Она меня чувствует, думает мать, продолжая махать в пустоту вслед за удаляющейся фигурой дочери. Надо держать себя в руках; совсем не факт, что ей хочется со мной куда-то ходить. Мне следует предоставить ей больше свободы. Нельзя, чтобы она замечала, что у меня на сердце. А почему, собственно? Разве она не вправе знать, что мне приятно ее общество?
Она пожимает плечами и шарит по карманам в поисках парковочной карточки. Отыскав свою машину, она садится на водительское кресло и опускает голову на руль. Как бы ей хотелось очутиться сейчас с ней на диване, как раньше. Ей уже было лет семнадцать, она пристроилась рядышком и позволила себя обнять. На ней была мягкая махровая пижама. Мы смотрели перед собой, на темный экран телевизора. Мы просто сидели, вместе. Возможно, ее страшил завтрашний день в школе, а меня тревожило ее взросление, ее неизбежный уход из родительского дома — не помню. Каждую из нас что-то мучило, но свои тягостные мысли мы хранили при себе, прижавшись друг к другу.

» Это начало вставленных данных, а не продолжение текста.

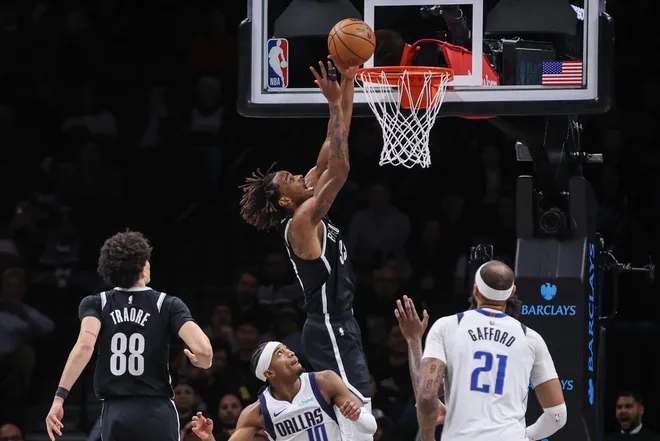 Feb 24, 2026; Brooklyn, New York, USA; Brooklyn Nets center Nic Claxton (33) goes up for a dunk attempt in the third quarter against the Dallas Mavericks at Barclays Center.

* * *Музыка нарушала и застилала привычное представление о времени, думала женщина. Но с этим худо-бедно можно было справиться, ведь та же самая музыка помещала тебя в некую упорядоченную структуру, предрекающую конец во спасение от неумолимого бега времени. Мне придется сидеть на этом табурете до тех пор, пока я не упаду с него.
Не так давно она оказалась в одном провинциальном городке в Германии на берегу моря (скорее всего, это был Киль). На главной улице ей встретился музыкальный магазинчик с необычно оформленной витриной. На пюпитрах размещались куски картона с начертанными на них цитатами из высказываний знаменитых композиторов о «сути» музыки. Она остановилась и бегло их прочитала. Собравшись было уходить, она вдруг заметила лист бумаги, упавший на дно витрины. Она нагнулась: «Феномен музыки дан нам единственно для того, чтобы внести порядок во все существующее, включая сюда прежде всего отношения между человеком и временем». Она достала ежедневник, чтобы переписать эти слова. Игорь Стравинский. Мысль о том, что своими упорными, настойчивыми занятиями музыкой она каким-то образом что-то упорядочивает, пришлась ей по душе. И все же сей постулат не показался ей утешительным, ее как бы призывали к ответственности. Кто? Директор консерватории, сам Стравинский? В очках, сдвинутых на лоб, с опущенными уголками губ на продолговатом лице, он смотрел на нее с презрением. «До тех пор пока вы не выясните свои отношения со временем, нам не о чем говорить. И делать вам здесь больше нечего».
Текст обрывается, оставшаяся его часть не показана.